• Problem details
I'd like the entries reproduced exactly, with the images omitted.

• Stored data
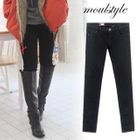 MOUL STYLE - Skinny Jeans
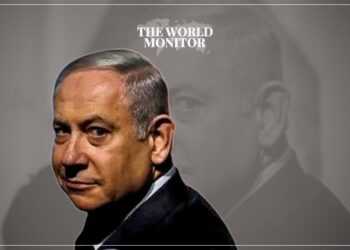 Israel Ready to Halt Gaza Fighting for Prisoner Release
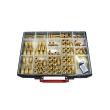 RIEGLER Sortimentsbox, Schnellverschlusskupplungen NW 7,2 Produktbild img3 S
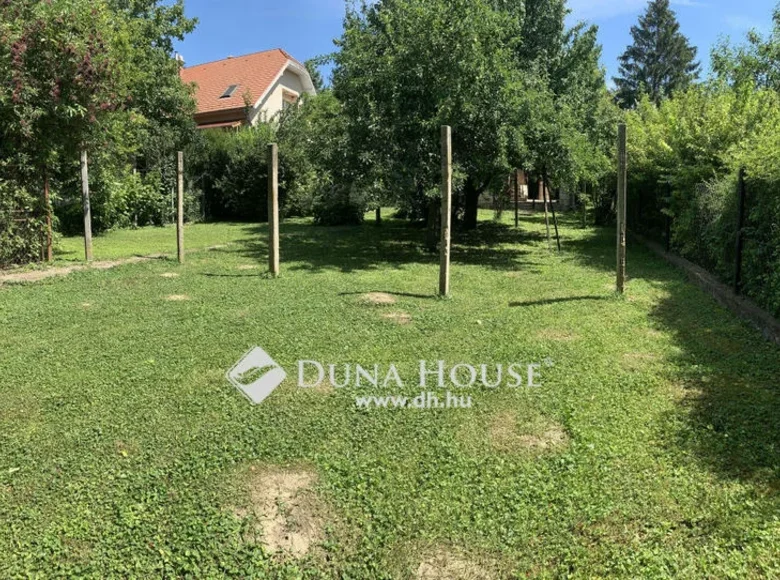 House 140 m² Paty, Hungary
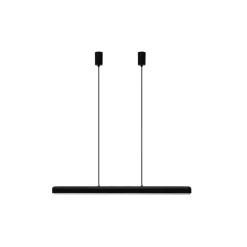 Umage Kjøkkenbelysning Tak|Takpendler<Hazel Branch takpendel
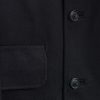 Margaret Howell Raglan Blazer, view 2
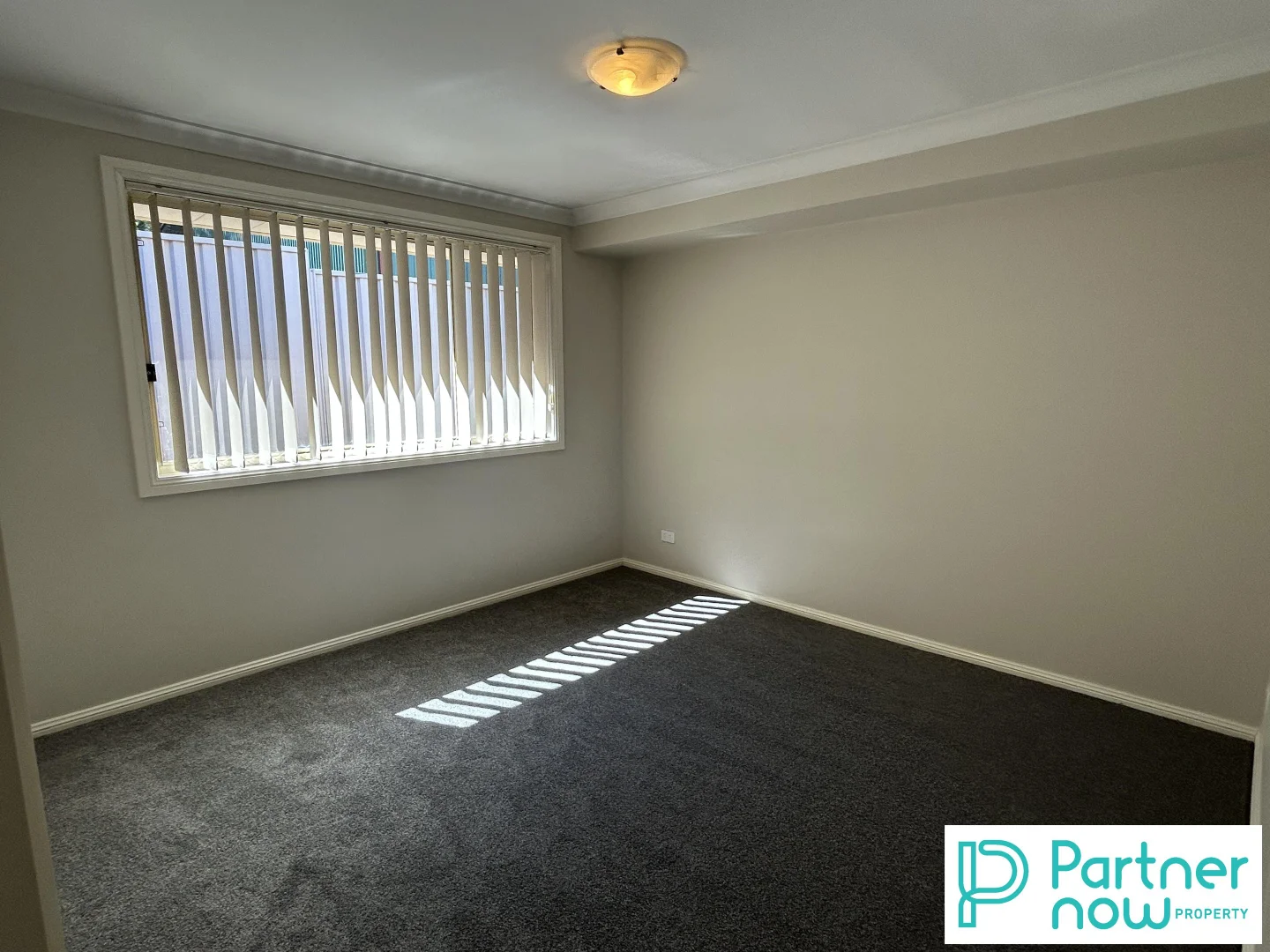 Additional image 6 of 9/27 White Street, Tamworth NSW 2340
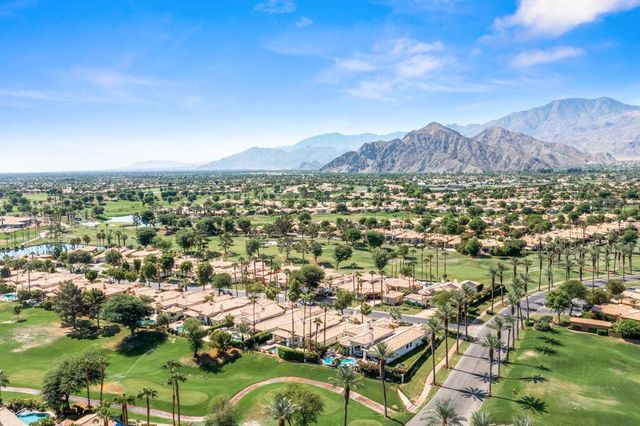 79005 Via San Clara, La Quinta, CA 92253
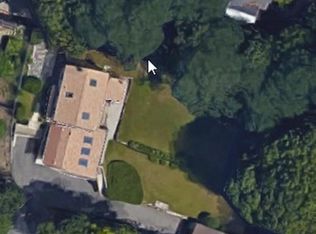 577 Adams St, Quincy, MA 02169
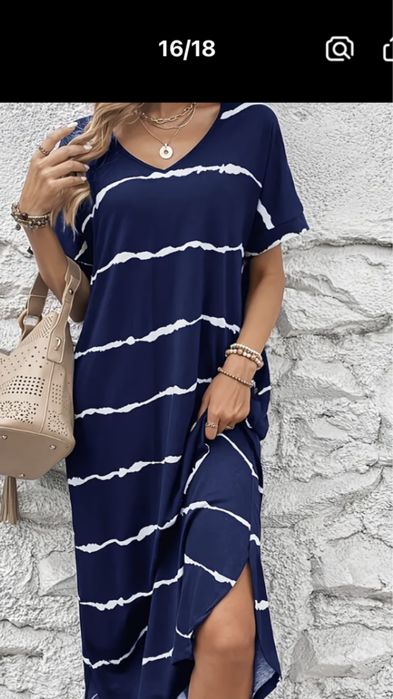 Плаття Різні нові 60-66 великого розміру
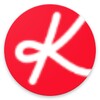 Kbean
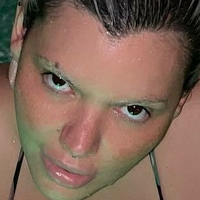 Duda Beat Nude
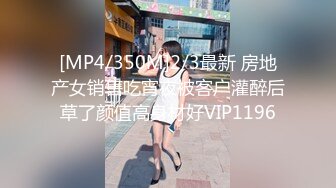 STP16337 手机软件约的刚出道的零零后18岁嫩妹子不咋会玩先用手指挑逗一下再啪啪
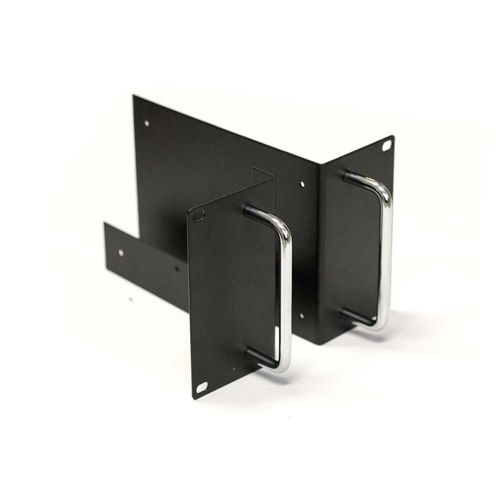Rupert Neve Designs R6 Rack Accessory
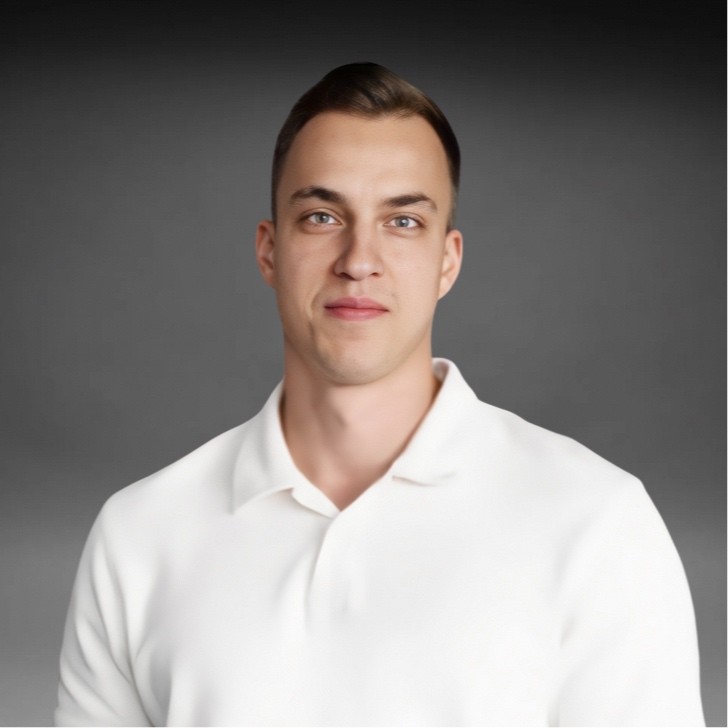 Dawid - Trip Da Vinci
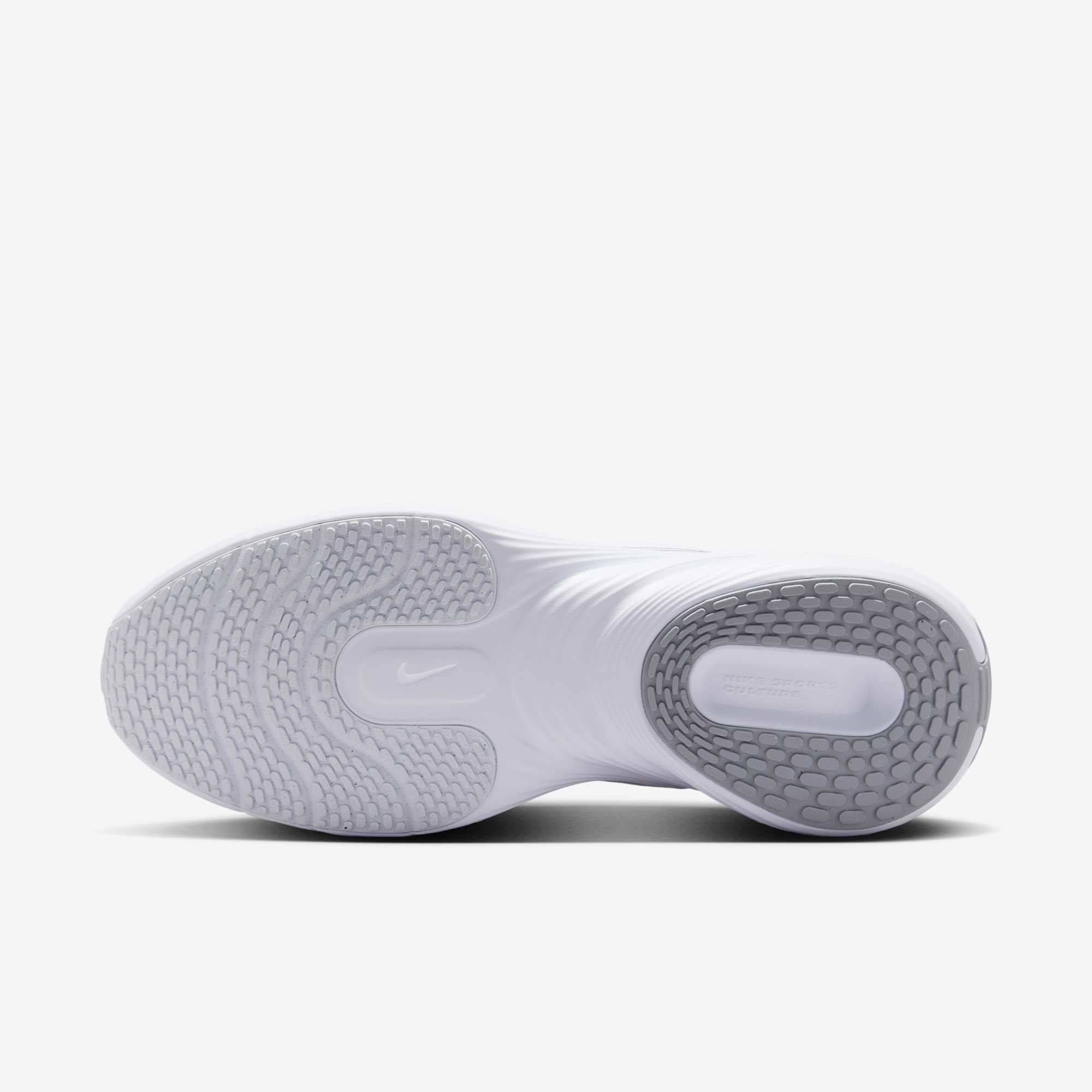 Nike Uplift SC - White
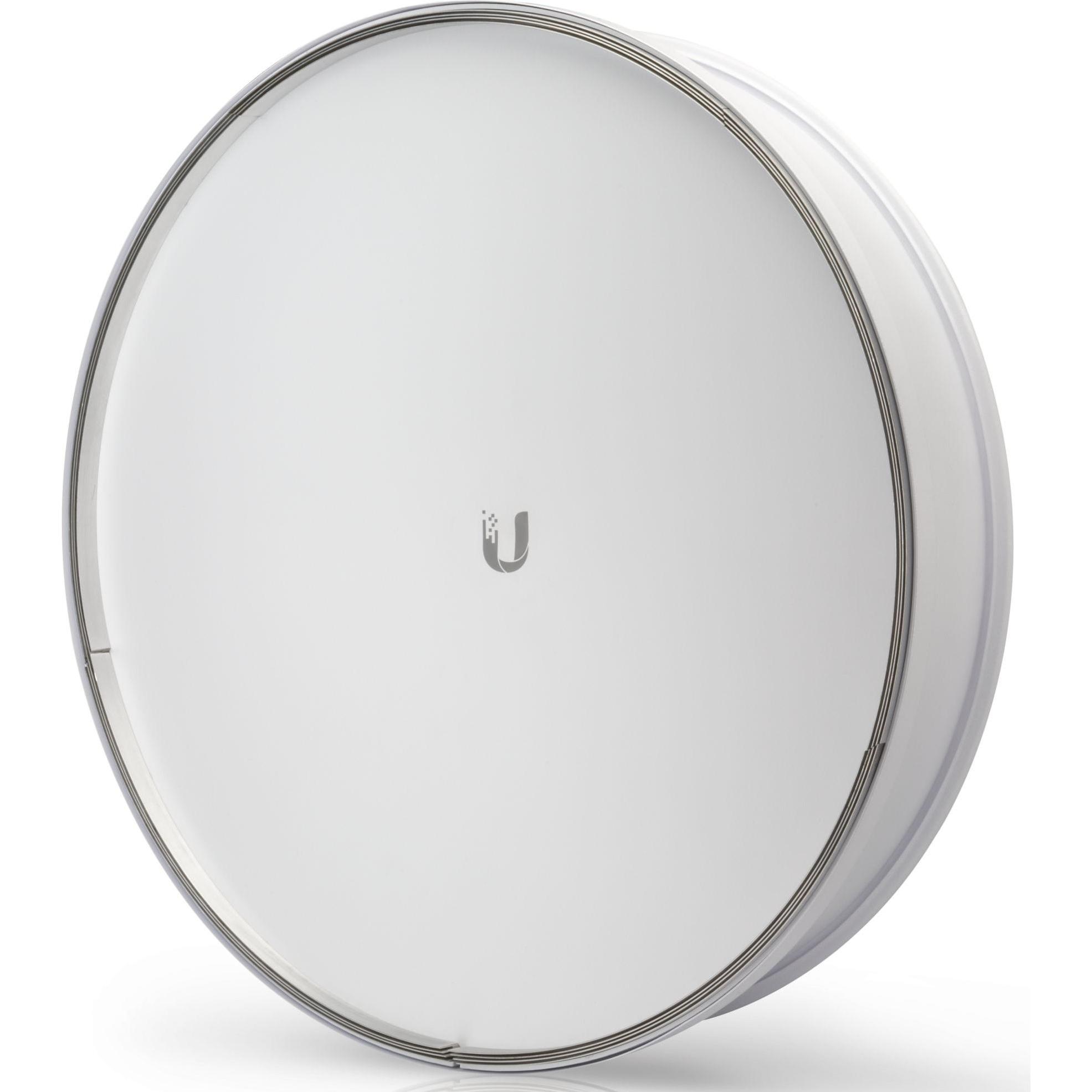 Ubiquiti ISO-BEAM-620: Isolator Ring (Netzwerk Zubehör), Zubehör Netzwerk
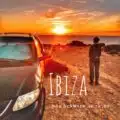 Ibiza en camping-car ou camping-car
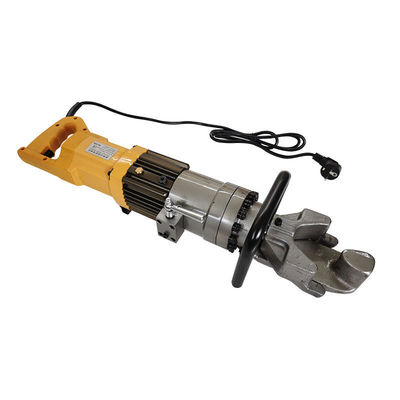 3kWモーターパワー ミニ鉄棒を折りたたむ機械 鉄棒を手動に折りたたむ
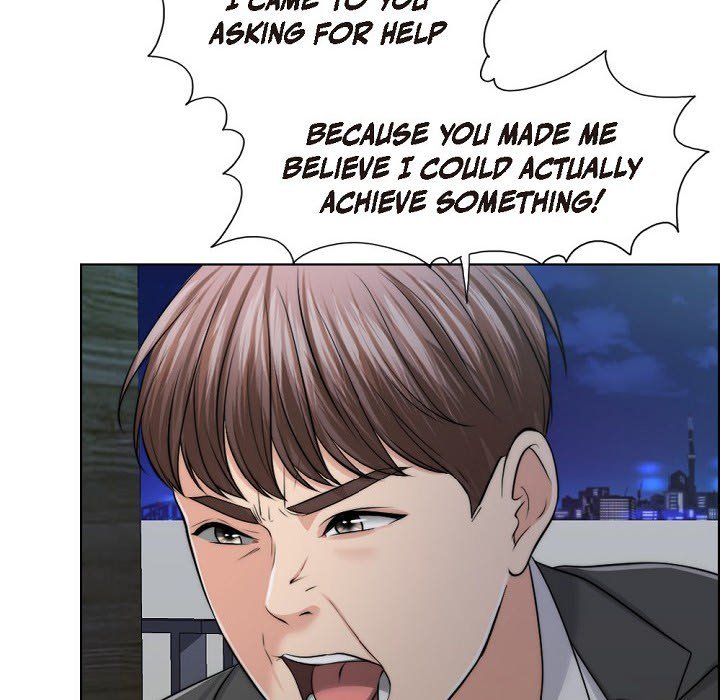 Wife for 1000 Days - episode 40 - 138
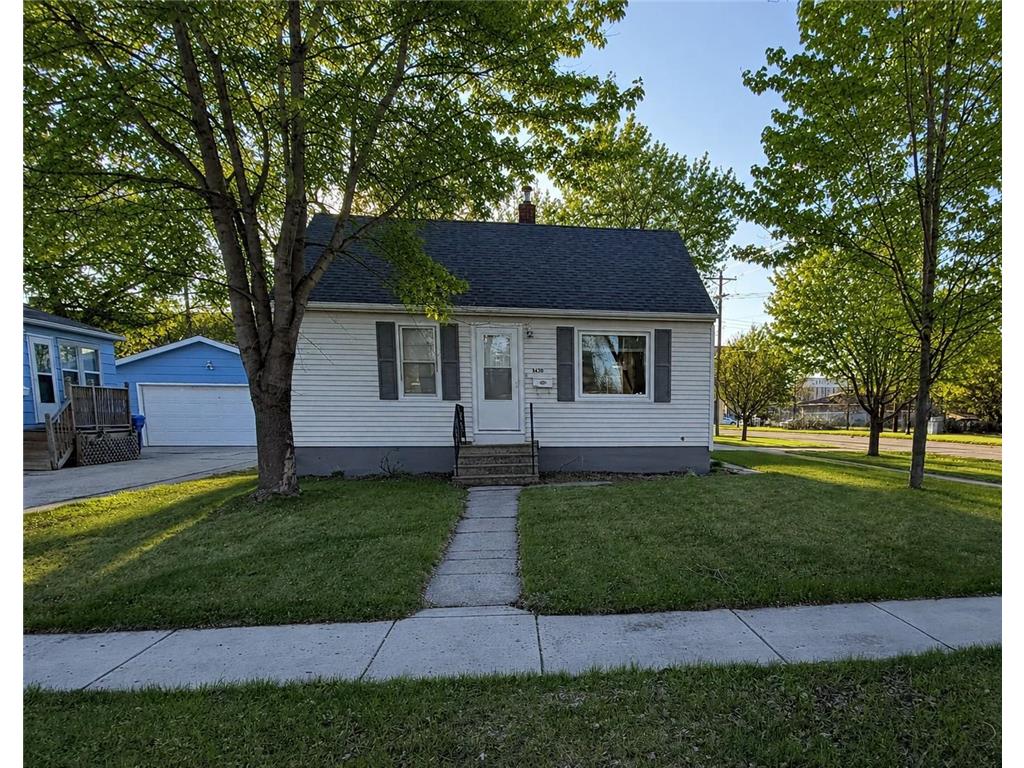 1630 14th Street S Fargo ND 58103 7082670 image1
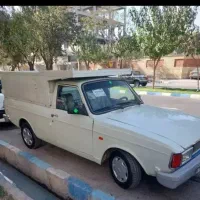 وانت بارمهدی|خدمات حمل و نقل|میبد, |دیوار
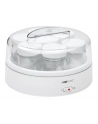 Jogurtownice Clatronic JM 3344 ( biały) - nr 10
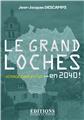 LE GRAND LOCHES EN 2040  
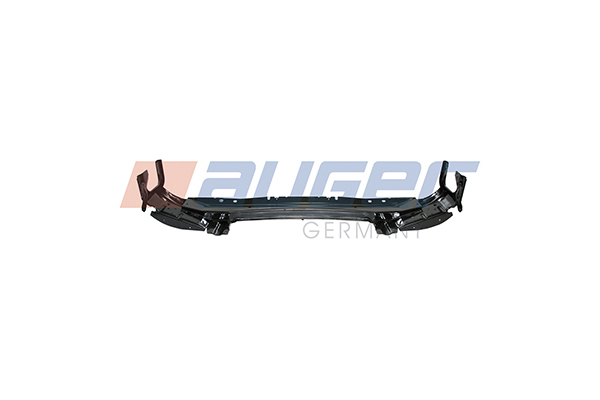 Bumper Auger 67209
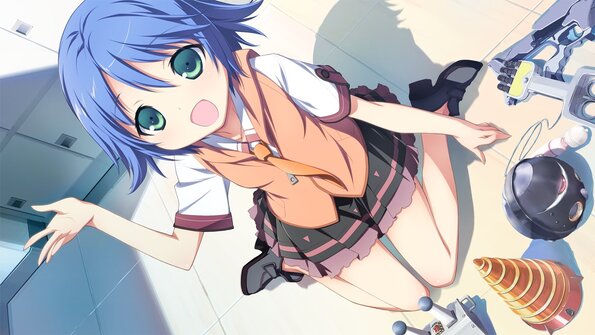 00200_visual_tsubomi_01a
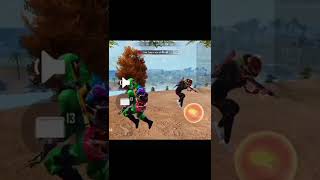 madhu pennem star fanni game play with rank push #freefire #shorts #telugugamingff @telugugamingff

• Solution for this task
 MOUL STYLE - Skinny Jeans
 Israel Ready to Halt Gaza Fighting for Prisoner Release
 RIEGLER Sortimentsbox, Schnellverschlusskupplungen NW 7,2 Produktbild img3 S
 House 140 m² Paty, Hungary
 Umage Kjøkkenbelysning Tak|Takpendler<Hazel Branch takpendel
 Margaret Howell Raglan Blazer, view 2
 Additional image 6 of 9/27 White Street, Tamworth NSW 2340
 79005 Via San Clara, La Quinta, CA 92253
 577 Adams St, Quincy, MA 02169
 Плаття Різні нові 60-66 великого розміру
 Kbean
 Duda Beat Nude
 STP16337 手机软件约的刚出道的零零后18岁嫩妹子不咋会玩先用手指挑逗一下再啪啪
Rupert Neve Designs R6 Rack Accessory
 Dawid - Trip Da Vinci
 Nike Uplift SC - White
 Ubiquiti ISO-BEAM-620: Isolator Ring (Netzwerk Zubehör), Zubehör Netzwerk
 Ibiza en camping-car ou camping-car
 3kWモーターパワー ミニ鉄棒を折りたたむ機械 鉄棒を手動に折りたたむ
 Wife for 1000 Days - episode 40 - 138
 1630 14th Street S Fargo ND 58103 7082670 image1
 وانت بارمهدی|خدمات حمل و نقل|میبد, |دیوار
 Jogurtownice Clatronic JM 3344 ( biały) - nr 10
 LE GRAND LOCHES EN 2040  
 Bumper Auger 67209
 00200_visual_tsubomi_01a
 madhu pennem star fanni game play with rank push #freefire #shorts #telugugamingff @telugugamingff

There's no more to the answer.